→ **Assignment**
Where an entry below contains an image, skip the image and reproduce the rest exactly.

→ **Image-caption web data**
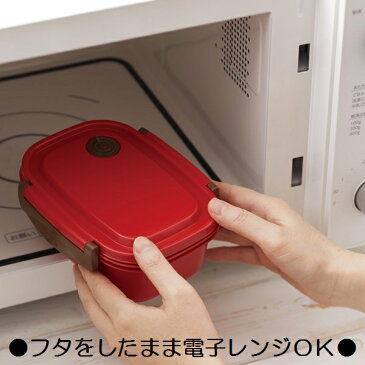 お弁当箱 一段 レンジ対応 食洗機対応 ランチボックス 550ml 小学生 子供 弁当箱 食洗機 スケーター XPM4【おしゃれ レンジ 幼稚園 キッズ 小さめ 小さい ミニ 冷凍 ラクかるスヌーピー snoopy ピーナッツ 女性 レディース】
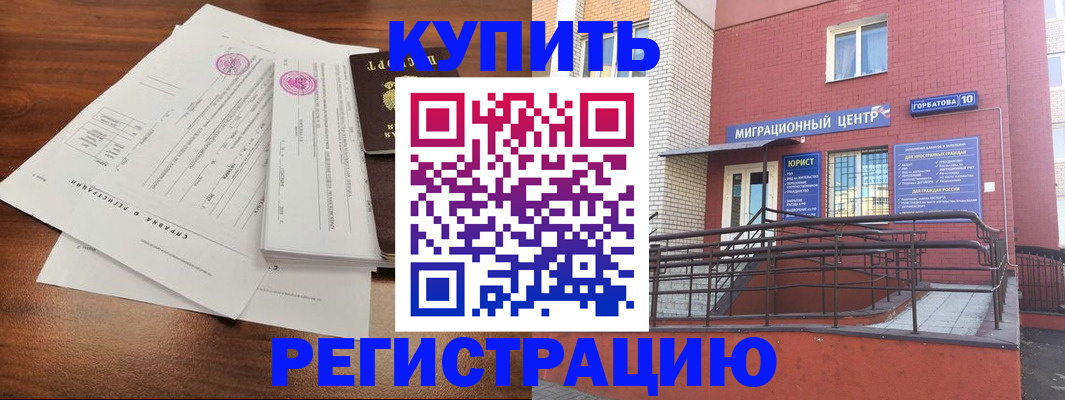 временная регистрация 2025 в Усолье-Сибирском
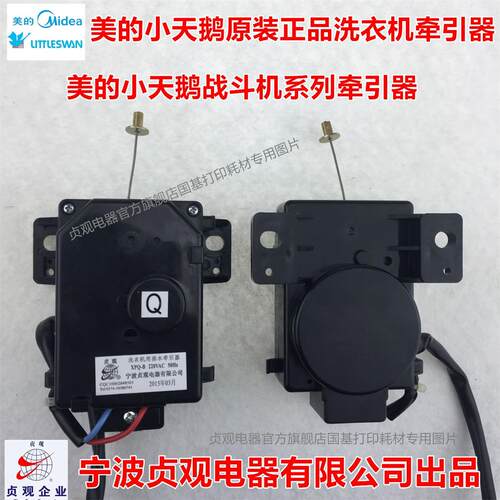 原装小天鹅洗衣机配件排水电机牵引器TB60-2188G(H)/12188DG(H)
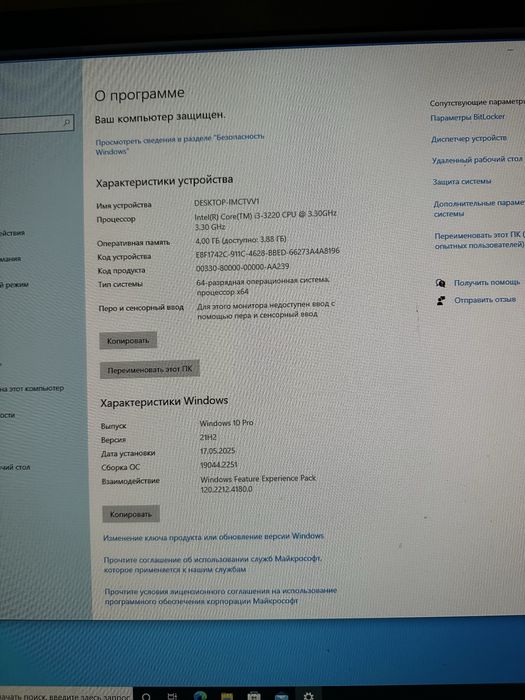 Продаю HP Монітор та  Процесор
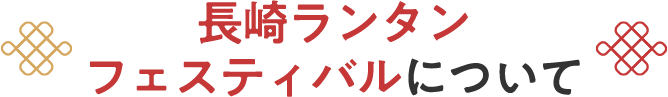 長崎ランタンフェスティバルについて
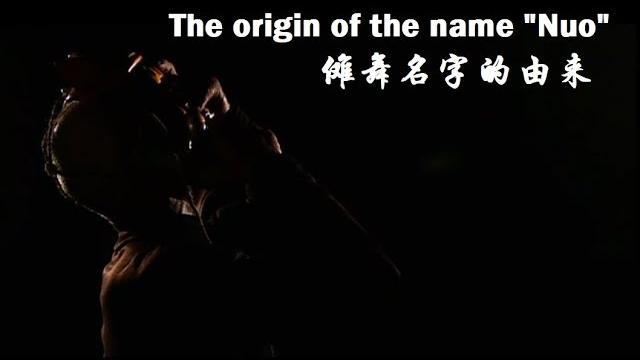 The origin of the name "nuo" 傩舞名字的由来 The origin of the name "nuo" 傩舞名字的由来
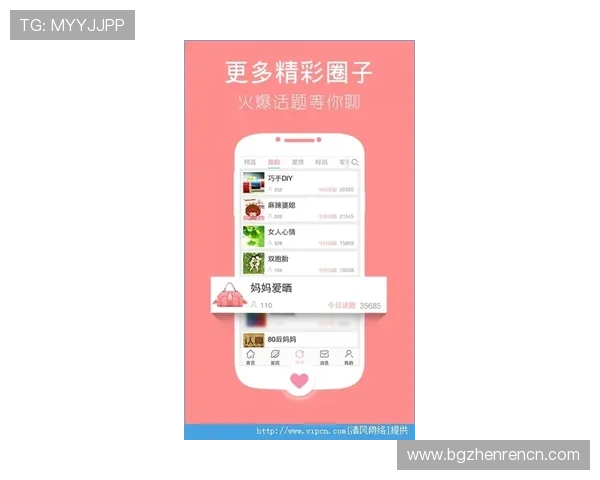 凯发真人app优惠活动时间安排与参与方式详解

→ **Answer box**
 お弁当箱 一段 レンジ対応 食洗機対応 ランチボックス 550ml 小学生 子供 弁当箱 食洗機 スケーター XPM4【おしゃれ レンジ 幼稚園 キッズ 小さめ 小さい ミニ 冷凍 ラクかるスヌーピー snoopy ピーナッツ 女性 レディース】
 временная регистрация 2025 в Усолье-Сибирском
 原装小天鹅洗衣机配件排水电机牵引器TB60-2188G(H)/12188DG(H)
 Продаю HP Монітор та  Процесор
 長崎ランタンフェスティバルについて
 The origin of the name "nuo" 傩舞名字的由来 The origin of the name "nuo" 傩舞名字的由来
 凯发真人app优惠活动时间安排与参与方式详解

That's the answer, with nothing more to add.